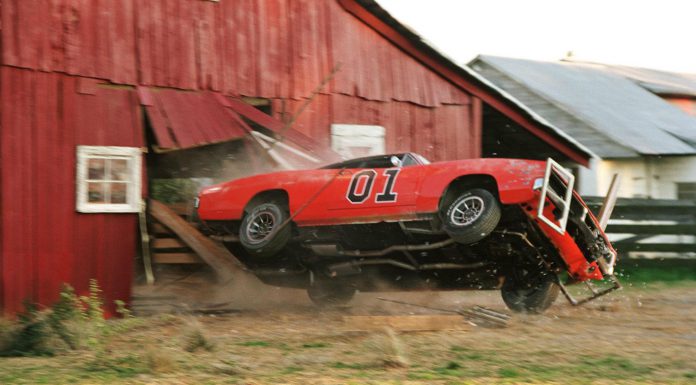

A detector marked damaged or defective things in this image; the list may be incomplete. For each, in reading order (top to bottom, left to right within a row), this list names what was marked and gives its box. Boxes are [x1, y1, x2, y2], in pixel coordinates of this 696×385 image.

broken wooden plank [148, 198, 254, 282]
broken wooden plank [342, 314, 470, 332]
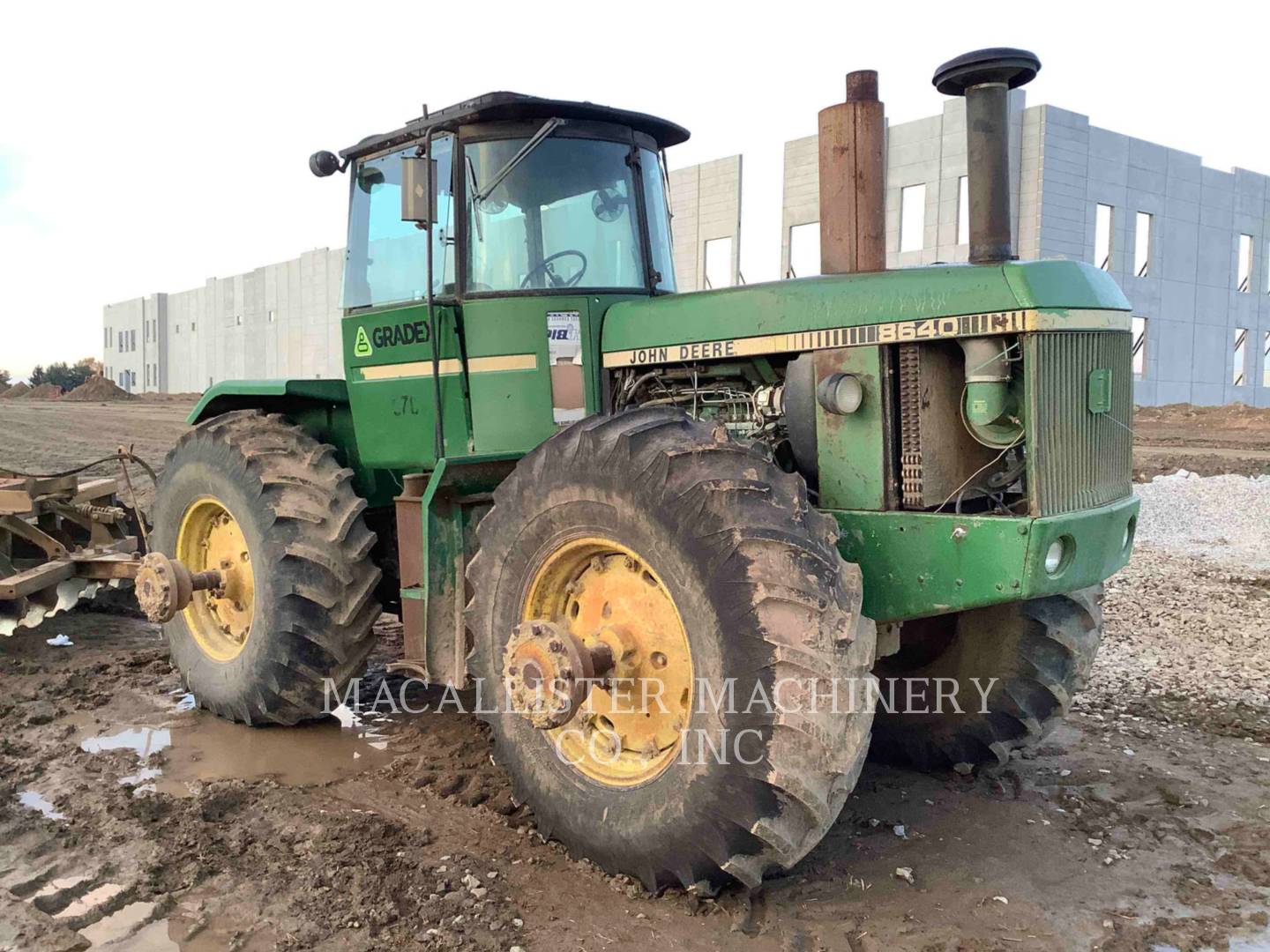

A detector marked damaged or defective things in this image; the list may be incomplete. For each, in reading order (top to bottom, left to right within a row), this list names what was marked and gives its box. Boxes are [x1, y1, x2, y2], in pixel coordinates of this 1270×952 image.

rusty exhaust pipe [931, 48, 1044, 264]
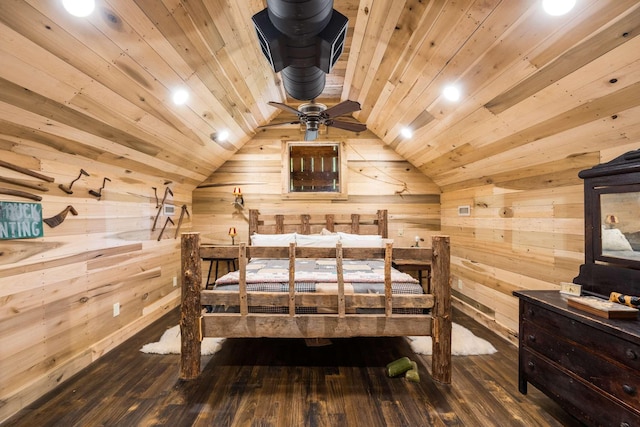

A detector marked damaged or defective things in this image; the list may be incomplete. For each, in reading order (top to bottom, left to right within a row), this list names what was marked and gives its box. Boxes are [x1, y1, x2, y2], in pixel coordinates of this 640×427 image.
* * *
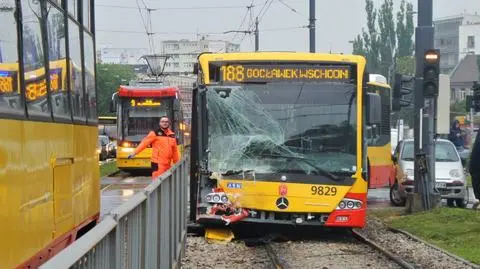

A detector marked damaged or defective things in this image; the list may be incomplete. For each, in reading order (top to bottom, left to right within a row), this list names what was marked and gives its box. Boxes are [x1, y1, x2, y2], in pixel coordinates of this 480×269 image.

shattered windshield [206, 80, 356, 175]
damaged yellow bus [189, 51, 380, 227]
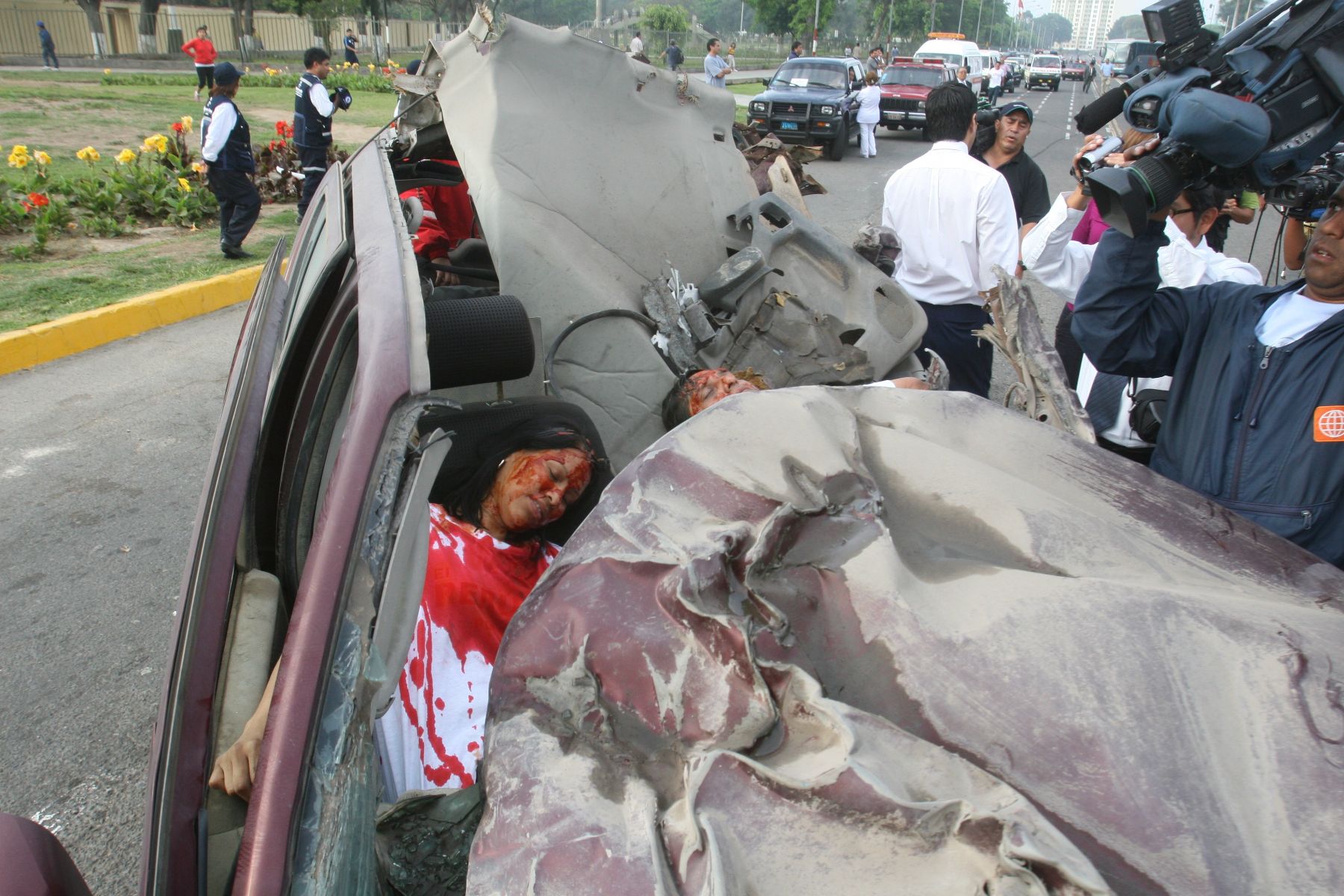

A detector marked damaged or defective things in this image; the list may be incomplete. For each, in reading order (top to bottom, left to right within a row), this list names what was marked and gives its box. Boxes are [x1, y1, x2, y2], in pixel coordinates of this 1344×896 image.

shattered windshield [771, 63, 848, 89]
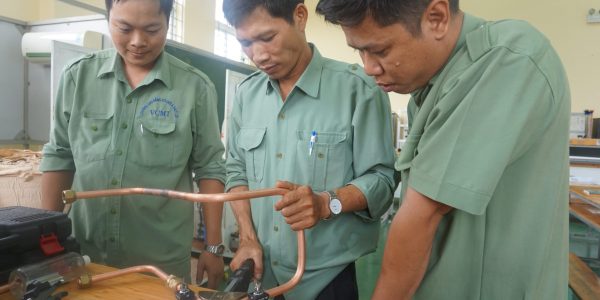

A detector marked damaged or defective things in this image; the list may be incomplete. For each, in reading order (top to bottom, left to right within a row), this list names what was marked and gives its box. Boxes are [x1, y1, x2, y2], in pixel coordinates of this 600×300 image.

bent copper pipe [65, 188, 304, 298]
--
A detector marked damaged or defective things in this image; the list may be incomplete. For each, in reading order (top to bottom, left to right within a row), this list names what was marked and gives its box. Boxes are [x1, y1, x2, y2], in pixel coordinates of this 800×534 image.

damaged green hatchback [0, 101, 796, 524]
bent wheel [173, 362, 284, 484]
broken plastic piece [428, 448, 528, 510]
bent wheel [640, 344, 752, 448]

ACTION ITEM:
Your answer should consist of the lines above between those holding "this 696×385 image." and "this 640×427 image.", inclusive, reproduced word for word and without pictures.

EXERCISE ANSWER:
A detector marked damaged or defective things in this image; the list may be incomplete. For each, in reading order (top to bottom, left to right within a row), this list names what was marked and gives its box. Boxes are [x1, y1, x2, y2], in pixel coordinates of this 696×385 image.

broken wooden plank [148, 198, 254, 282]
broken wooden plank [342, 314, 470, 332]

A detector marked damaged or defective things in this image; the list may be incomplete. For each, in reading order (top to bottom, left to right within a row), this list names what was marked and gives its box. Boxes are [x1, y1, x2, y2], in pixel coordinates of this 1270×952 image.

rusty exhaust pipe [931, 48, 1044, 264]

A detector marked damaged or defective things in this image; the list may be incomplete. For each, in reading order (top to bottom, left to right within a row), this list names what was marked and gives its box. Boxes are [x1, y1, x2, y2], in pixel coordinates of this 640×427 image.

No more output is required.